Task brief >> As written and without pictures, set down the lines from the one that contains "Termometr panelowy BLOW" through the end of the data.

Data extracts >>

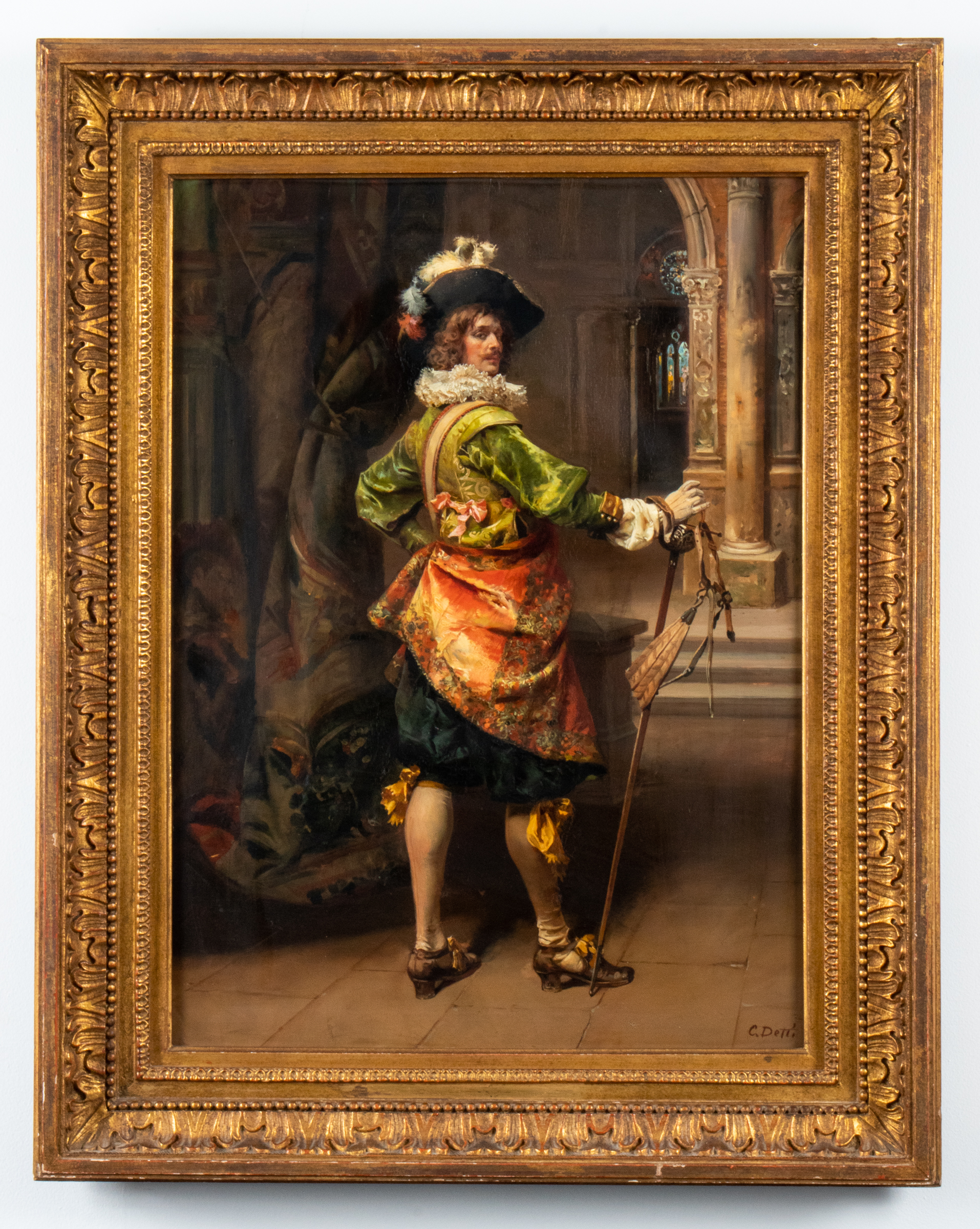 CESARE AUGUSTE DETTI "CAVALIER" OIL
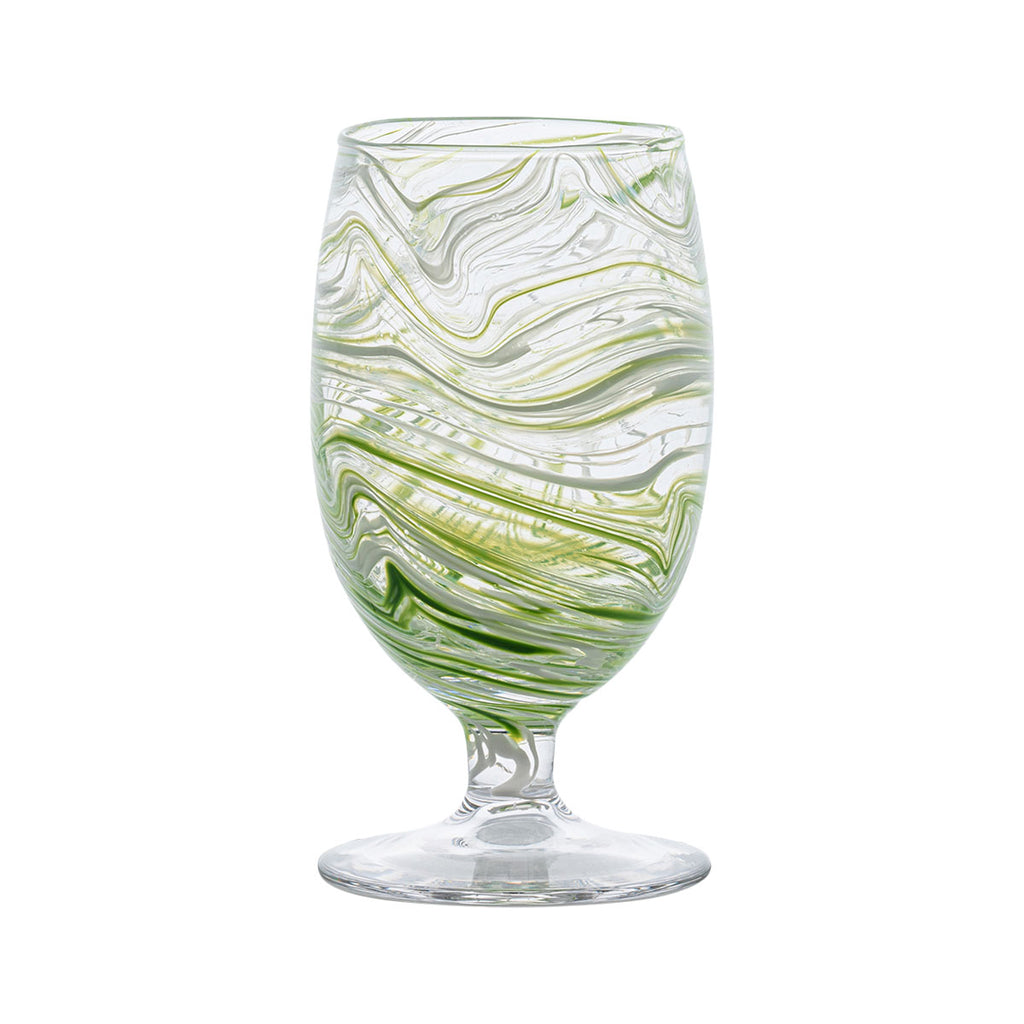 Puro Marbled Goblet in Green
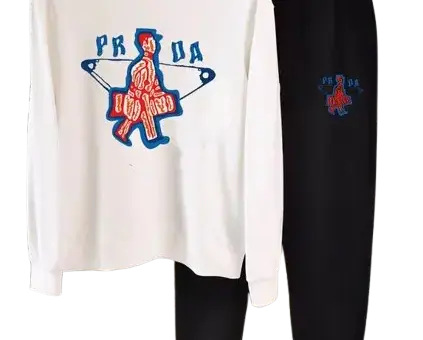 Prada Boy Logo Tracksuit Black/ White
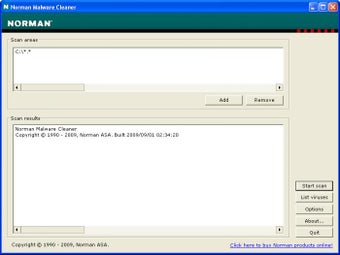 Image 3 for Norman Malware Cleaner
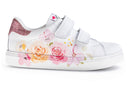 Pablosky Kids White Leather Flower Sneakers - 201808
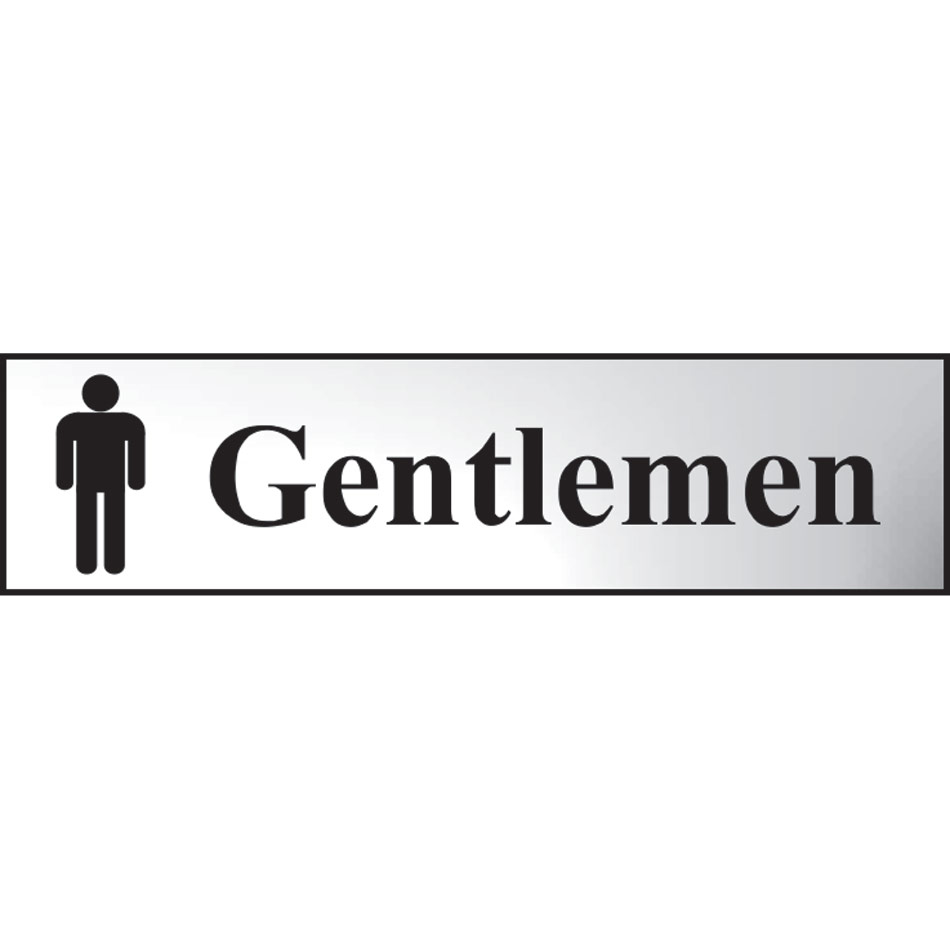 Gentlemen - CHR (200 x 50mm)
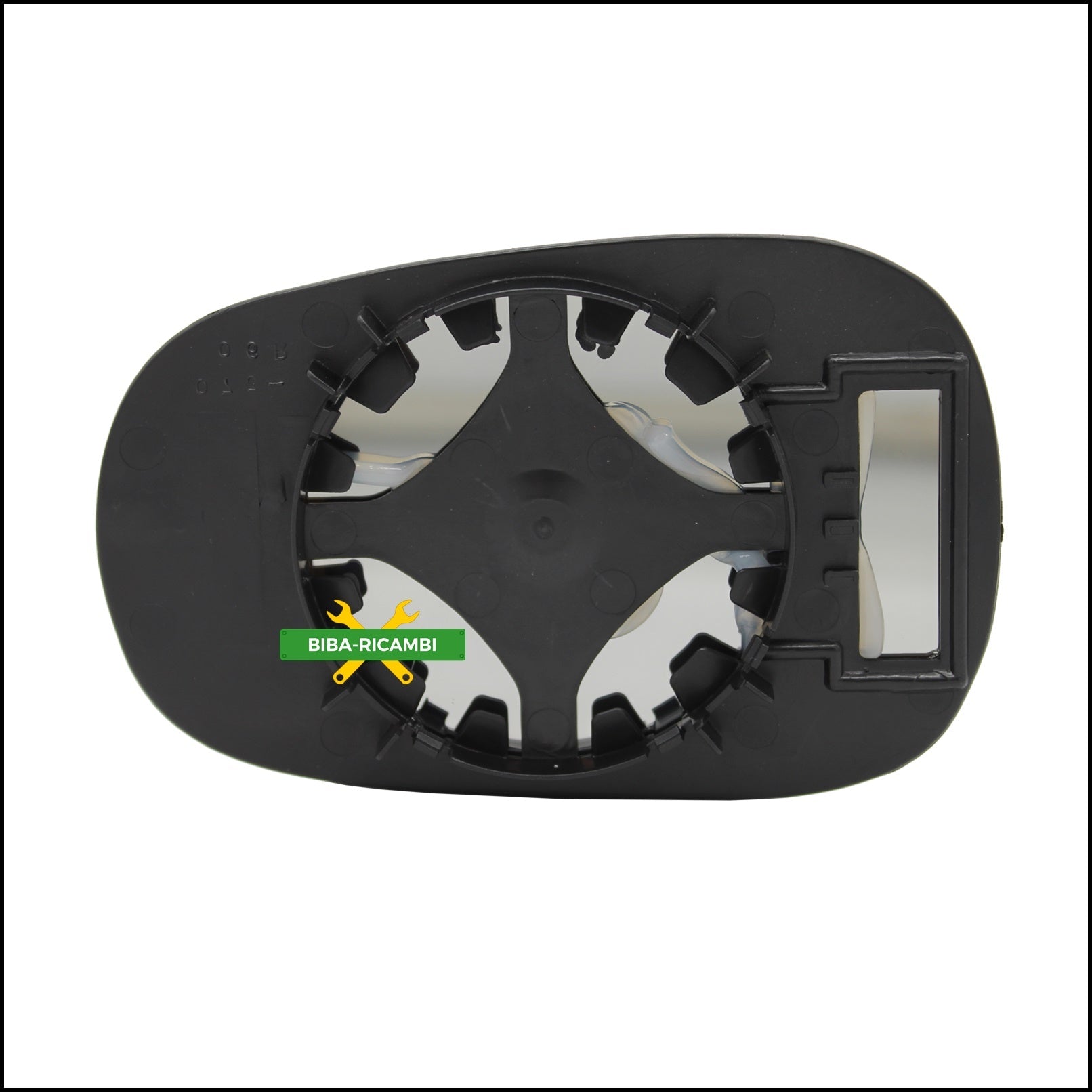 Piastra Retrovisore Asferica Lato Dx-Passeggero Per Renault Scenic I (JA0/1) solo dal 1996-2001 BIBA-RICAMBI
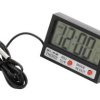 Termometr panelowy BLOW LCD+zegar TH002 50-311
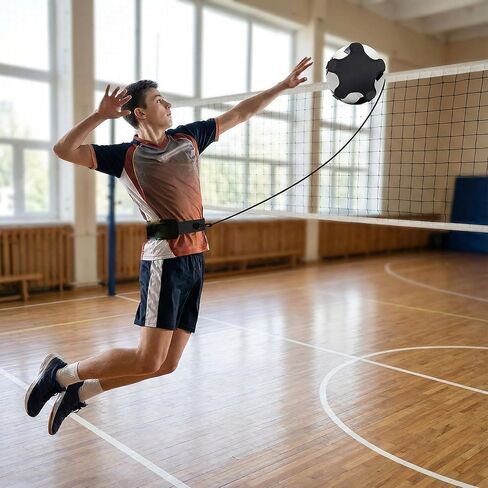 Soccer Training Equipment, Solo Soccer Kick Trainer with Reinforced Connection Points, Anti-Snap Practice Aid with Adjustable Waist Belt, Fits Ball Size 3 4 5, Multi-Sport Trainer for Soccerball in Saudi Arabia
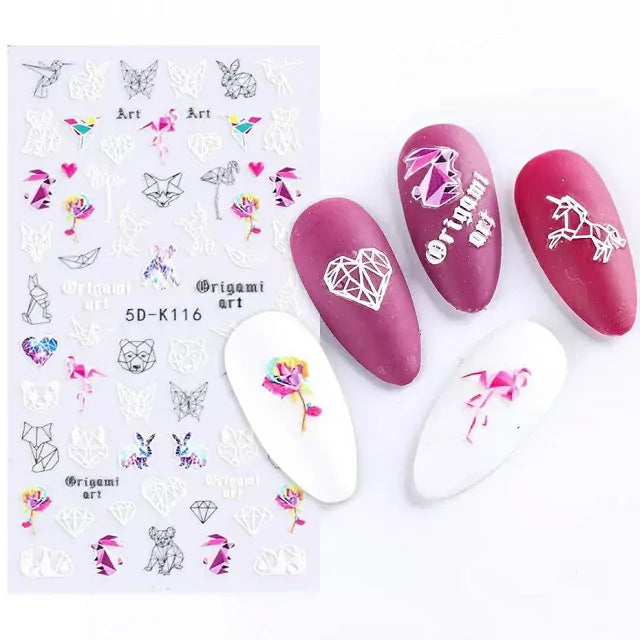 Origami Inspired 5D Stickers Sheet (5D-K116)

Task response >>
 Termometr panelowy BLOW LCD+zegar TH002 50-311
 Soccer Training Equipment, Solo Soccer Kick Trainer with Reinforced Connection Points, Anti-Snap Practice Aid with Adjustable Waist Belt, Fits Ball Size 3 4 5, Multi-Sport Trainer for Soccerball in Saudi Arabia
 Origami Inspired 5D Stickers Sheet (5D-K116)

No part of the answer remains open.